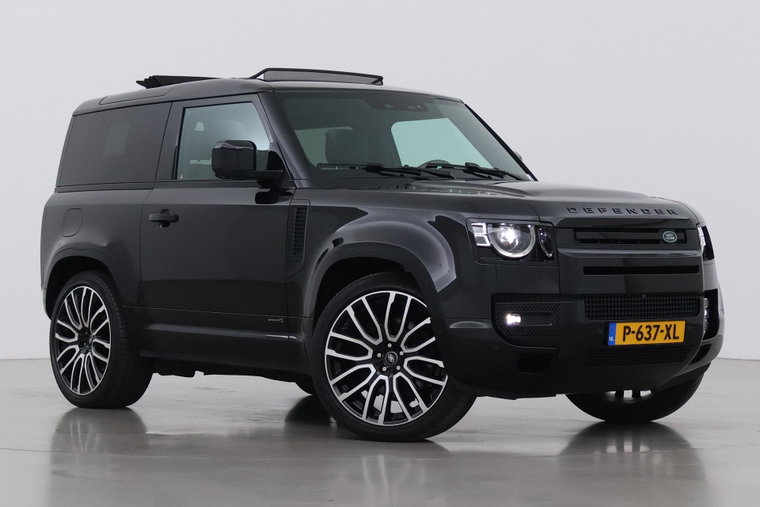 Foto van Land Rover Defender
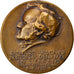 France, Medal, Musique, Richard Wagner, Arts & Culture, 1934, EF(40-45), Bronze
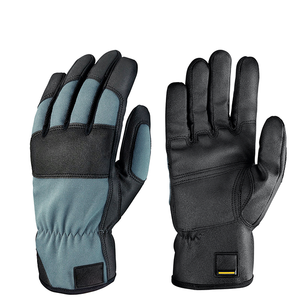 Gants de travail de haute qualité pour mécaniciens, en microfibre, respirants, résistants aux acides, confortables, gants de sécurité - Product Image 2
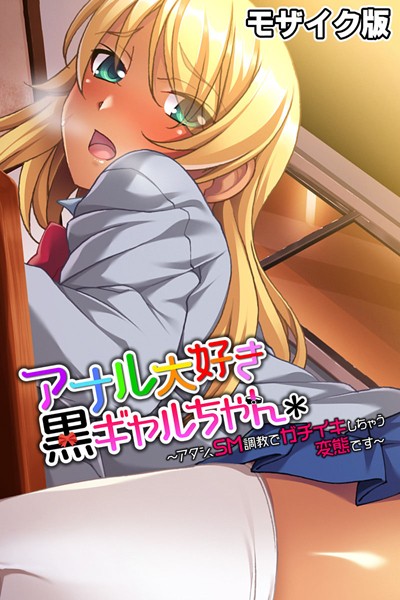 アナル大好き黒ギャルちゃん 〜アタシ、SM調教でガチイキしちゃう変態です〜 モザイク版【単行本❤大人のSEXY絵本】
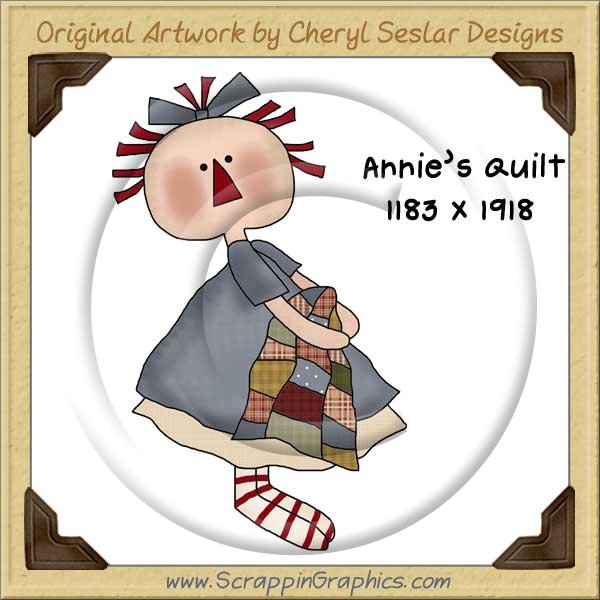 Annie's Quilt Single Graphics Clip Art Download - Click Image to Close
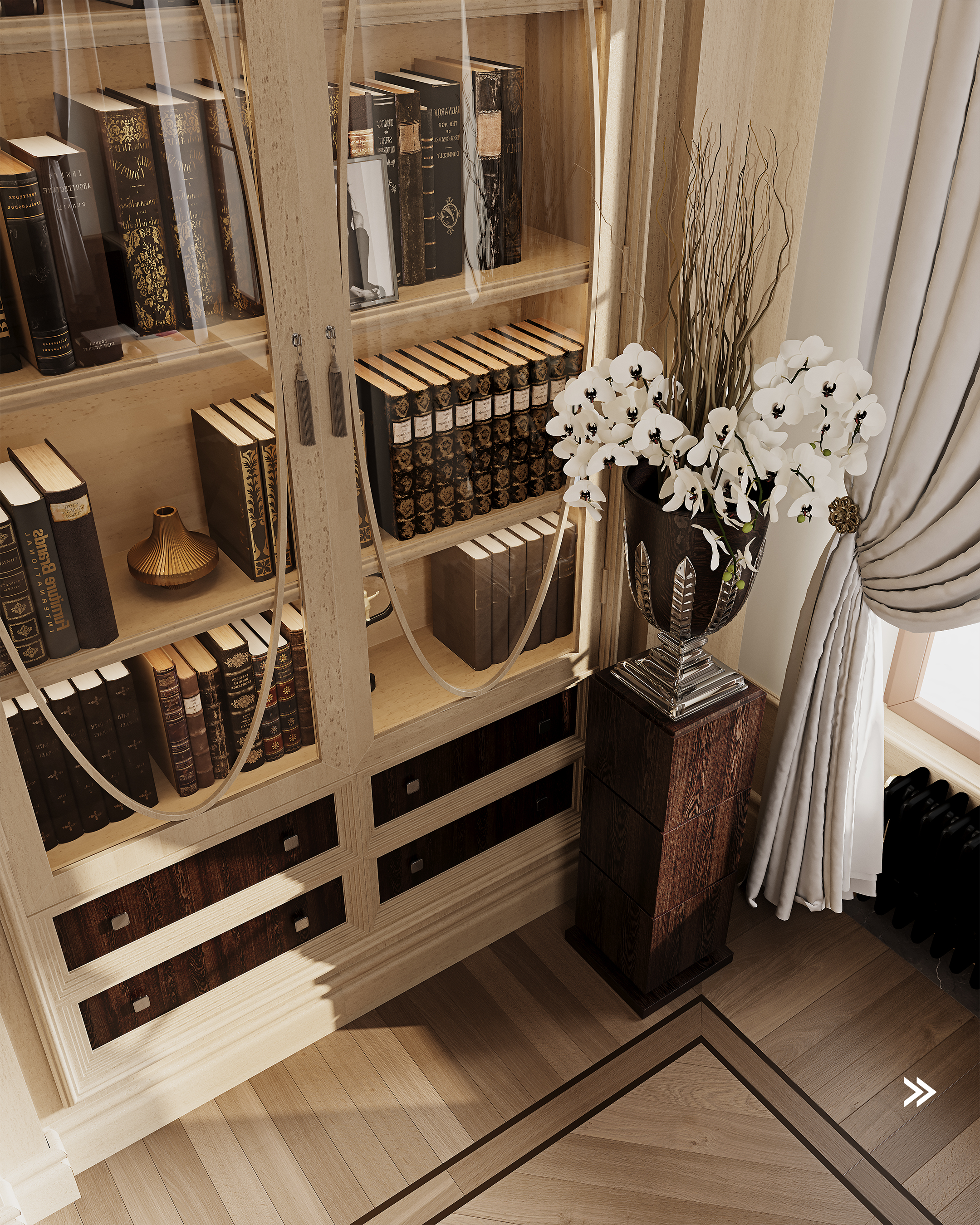 Jasorat Executive Home Cabinet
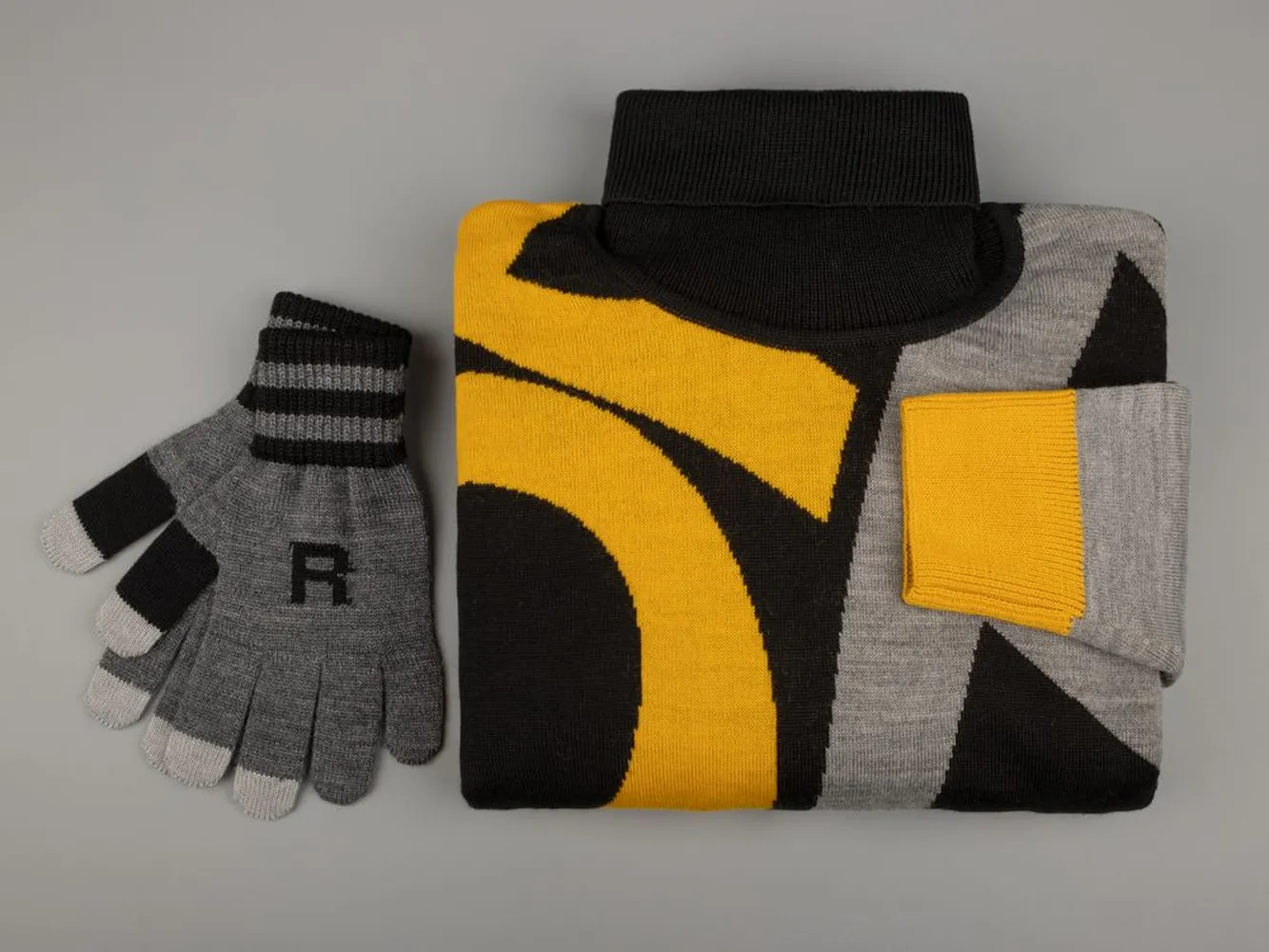 Сенсорные перчатки на заказ Guanti Tok, акрил, размер S/M заказать онлайн с вашим дизайном на заказ в Москве и области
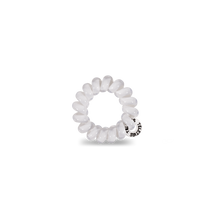 Load image into Gallery viewer, Teleties Classic Tiny Hair Ties | Coconut White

----

**Work order**
Your answer must be only the lines from the one that holds "アナル大好き黒ギャルちゃん 〜アタシ、SM調教でガチイキしちゃう変態です〜 モザイク版【単行本❤大人のSEXY絵本】" to the end of the listing, each restated word for word, with both ends kept and pictures left out.

**Task solution**
 アナル大好き黒ギャルちゃん 〜アタシ、SM調教でガチイキしちゃう変態です〜 モザイク版【単行本❤大人のSEXY絵本】
 Annie's Quilt Single Graphics Clip Art Download - Click Image to Close
 Jasorat Executive Home Cabinet
 Сенсорные перчатки на заказ Guanti Tok, акрил, размер S/M заказать онлайн с вашим дизайном на заказ в Москве и области
 Load image into Gallery viewer, Teleties Classic Tiny Hair Ties | Coconut White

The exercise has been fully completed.